Magnetic Resonance Imaging (MRI) plays a vital role in diagnosis, management and monitoring of many childhood diseases. However, a complete examination is slow and requires the use of general anaesthesia (GA) in children under 8years. This fellowship will develop Machine Learning (ML) techniques to speed up the acquisition of MRI data, reducing total scan times from ~1hour to ~10minutes. Motion correction techniques will be incorporated to reduce the need for patient cooperation, making it possible to dispense with GA. In addition, fast and accurate image interpretation tools will be created, to help efficient and reproducible analysis and disease classification.

Impact on Patients;
Combined, this will make MRIs safer, more comfortable and less daunting, improving children's experience. The work will also increase accessibility and tolerance of MRI in paediatric diseases, allowing it to be used more routinely, both for initial diagnosis and follow-up of childhood illness. Together with improved image quality, reduced motion artefact, as well as higher resolution imaging and/or acquisition of additional data, these have the potential to improve diagnostic accuracy, monitoring and hence outcomes in childhood diseases.
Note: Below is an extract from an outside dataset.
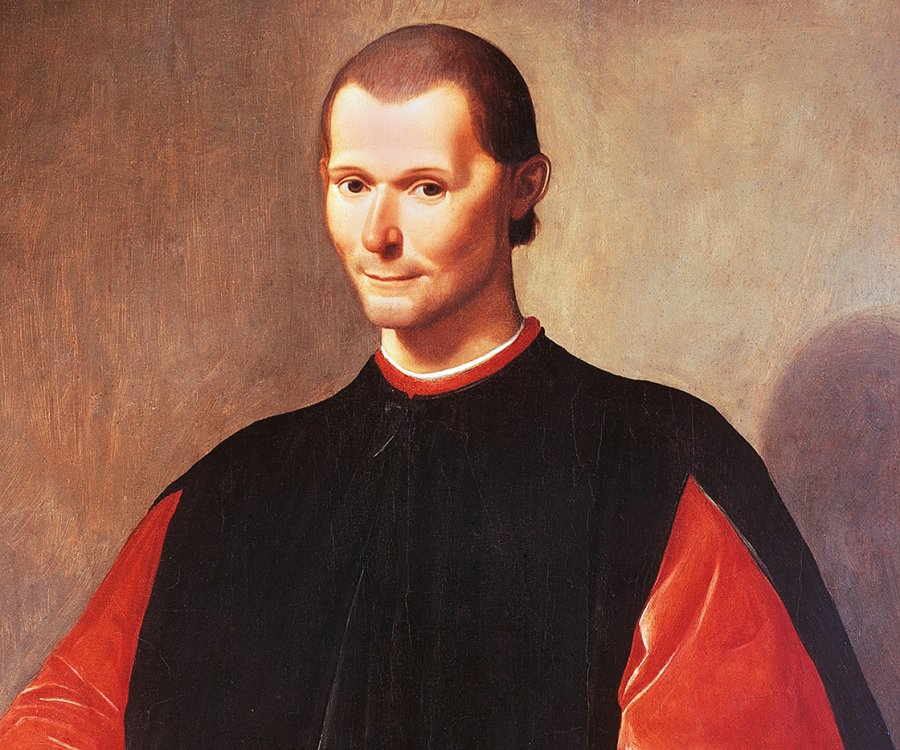 Niccolo machiavelli death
Impact on Clinical Research;
In the short-term, these technologies will position the UK at the forefront of clinical research, and encourage pharmaceutical companies to use MRI in clinical trials. This is because they will reduce scan costs and simplify recruitment by enabling research scans to be performed on clinical patients (due to more efficient protocols). Additional populations may be recruited, where MRI may not have been ethically acceptable or practical before because of the need for GA or long scan times-improving understanding of other diseases. Additionally, more scans may be performed, improving the quality of data, allowing higher resolution imaging or acquisition of additional data.

Impact on NHS;
In the mid-term, benefits to the NHS include reduced risk and cost of GA, allowing redeployment of valuable anaesthetic staff and reducing pressure on equipment and hospital beds. Reduced requirements for patient compliance will reduce unsatisfactory scans and recall rates. Shortened scan times will reduce scan costs and allow an increase the number of patients that can be examined each day, ultimately reducing waiting lists. The technologies will help improve diagnosis and management of paediatric disease, preventing cost and side effects of ineffective treatment. By achieving high quality, fast scanning using existing scanner technology, these techniques may also reduce the need to upgrade scanners.
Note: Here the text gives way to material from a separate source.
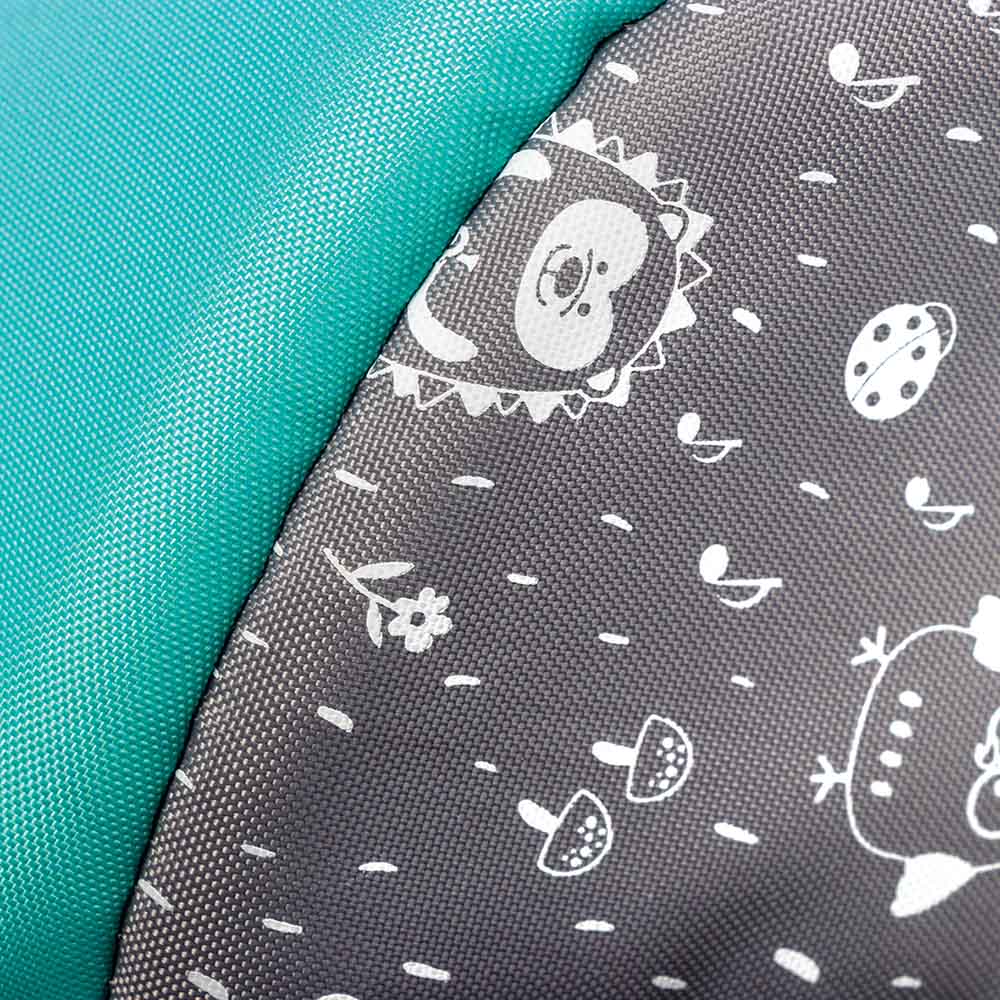 Päk - Sac à dos pour tout-petit avec sangles de sécurité amovibles.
Other Clinical Applications;
The proposed techniques can also be applied to MRI of other systems, e.g. musculoskeletal or gastrointestinal imaging, as well as to adult MRI protocols, where similar benefits to patients, research studies and the NHS can be achieved. In the long term, it is possible these technologies may enable MRI to replace CT in some cases-eliminating the need for ionising radiation and CT contrast agent, reducing risk to patients, and freeing up CT resources.

Worldwide and Industrial Impact;
These technologies have the potential to transform paediatric MRI from an expensive, infrequently used technique, into a high throughput imaging technique that is routinely used clinically and in research studies in paediatric disease. Reduced scan times and costs would also have worldwide healthcare impact, including in countries where MRI is currently still too expensive for widespread use. This makes these technologies attractive to MRI scanner manufacturers, opening up new markets. Additionally, existing rolling software updates to existing MRI scanners enable worldwide deployment of these new techniques. Existing links with Siemens Healthcare (who are project partners), will allow short term translation to other sites and ultimately integration into the vendor's product.